At a Thursday’s press conference in Chicago, the society offered its reasons for opposing the bill: marijuana is harmful and not approved by the Food and Drug Association, and that it would pose a risk for society as a whole.

Andrea Barthwell, director of Two Dreams Drug and Alcohol Treatment Center, said that FDA approval was a prerequisite for physicians to recommend marijuana, and that the “same standards applicable to other prescription medicines” should apply.

However, proponents of medical marijuana disagree.

“Marijuana is not, and will not go through the FDA process because the FDA is not really set up to study whole plants,” said Dan Riffle, deputy director of government relations at the Marijuana Policy Project.

Riffle said there is no lack of studies that prove the benefits of medical marijuana, but there is a lack of those recognized by the FDA.

Lewis Butler, from American Society for Addiction Medicine, countered that there is protocol for botanical approval at the FDA, but it hasn’t been pursued by medical marijuana advocates.

Society leaders decried the harmful effects of marijuana, saying that it was “clearly an addictive drug,” and that there were alternatives available. Marijuana-use leads to more emergency room visits than heroine, said Barthwell.

But Dr. David Ostrow vice-president of the American Academy of Cannabinoid Medicine, said cannabis is safer than opiates approved for the treatment of pain.

“Multiple studies have shown that in states with medical marijuana, there is no increase but in fact, a decrease in emergency room visits for cannabis-related side effects,” Ostrow said.
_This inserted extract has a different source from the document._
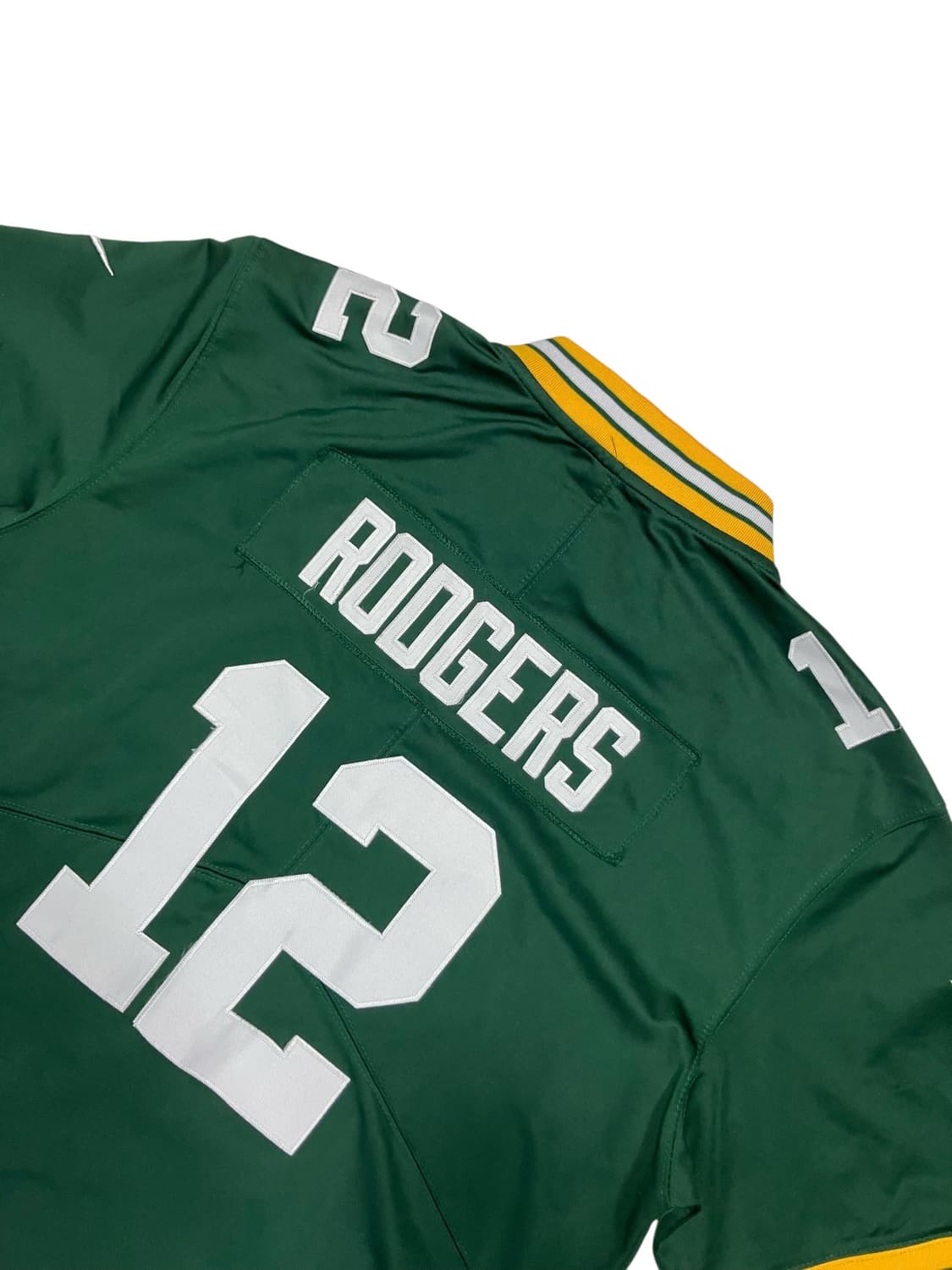 나이키 그린베이 패커스 12번 유니폼 3XL 상품이미지4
He added that although 6-8 percent did develop a problem of regular use, it still wasn’t clear if the factor was the cannabis in and of itself.
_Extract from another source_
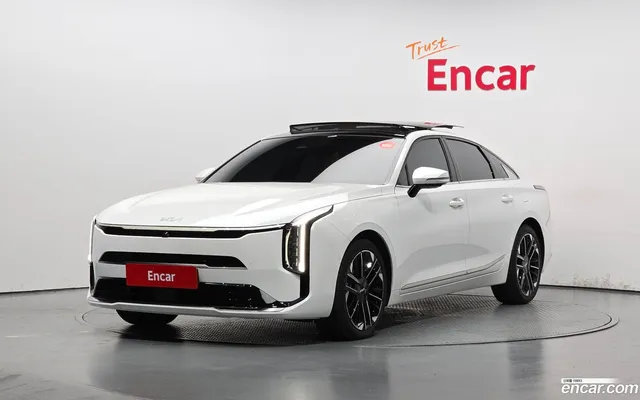 Kia K8 — миниатюра 1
“Some of the components have moderating effects on the other components,” Ostrow said.

Riffle added that marijuana has never caused an overdose fatality, and the side effects are less severe than those relating to other drugs.
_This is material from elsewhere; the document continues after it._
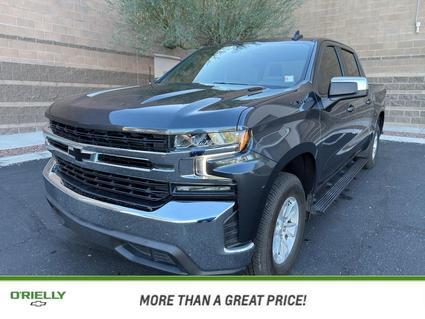 2022 Chevrolet Silverado Tucson AZ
“It’s just a safer option,” Riffle said.

While acknowledging that the physicians had compassion for the sick and the dying, the society’s Gitlow said, “Passing this legislation would put Illinois and its citizens on a dangerous path.”

He was joined by Peter Bensinger, former head of the U.S. Drug Enforcement Administration, who argued the public safety perspective.

“Each card holder will be able to purchase dealer qualities of marijuana every 14 days, coming away with 183 joints at a time,” he said, emptying a clear plastic baggie of cigarettes to demonstrate his argument. "I have no doubt that much of that surplus marijuana will find its way into the hands of street gangs and their drug distribution networks."

Traffic safety would also be a concern, Bensinger said, cautioning the hazards of driving under the influence of marijuana.

But Riffle, of the Marijuana Policy Project said, “If their concern was that people might use marijuana and then drive under the influence, then why would we not have that same concern for people who might use Oxycontin, Vicodin and any other drug and drive under the influence of it?” He said the safeguards in the Illinois bill were much more restrictive than what was in place for other drugs.

Gitlow, head of the American Society of Addiction Medicine brought the question down to benefits for the individual versus society.

“Is it worth the risk to our society to give one person an intoxicant that will help them to feel better, while not actually making them better, while putting our entire society at risk by making that intoxicant available to everybody?” Gitlow said.

But multiple sclerosis patient Julie Falco responded, "I'm not one person."

She said she spoke to people every day that felt that marijuana was better than chemical alternatives. Falco said that when she was on them, she felt like she was under “a fog of side effects and depressive symptoms.” She had entertained thoughts of suicide, she said.

Then, she was introduced to cannabis. “I’ve been eating it consistently since 2007, basically, it’s saved my life,” Falco said.

Meanwhile, the medical marijuana bill, which passed in the Illinois House of Representatives with a 61-57, April 16, will go to the state Senate for review.

Eighteen other states and the District of Columbia have passed laws approving the medical use of marijuana.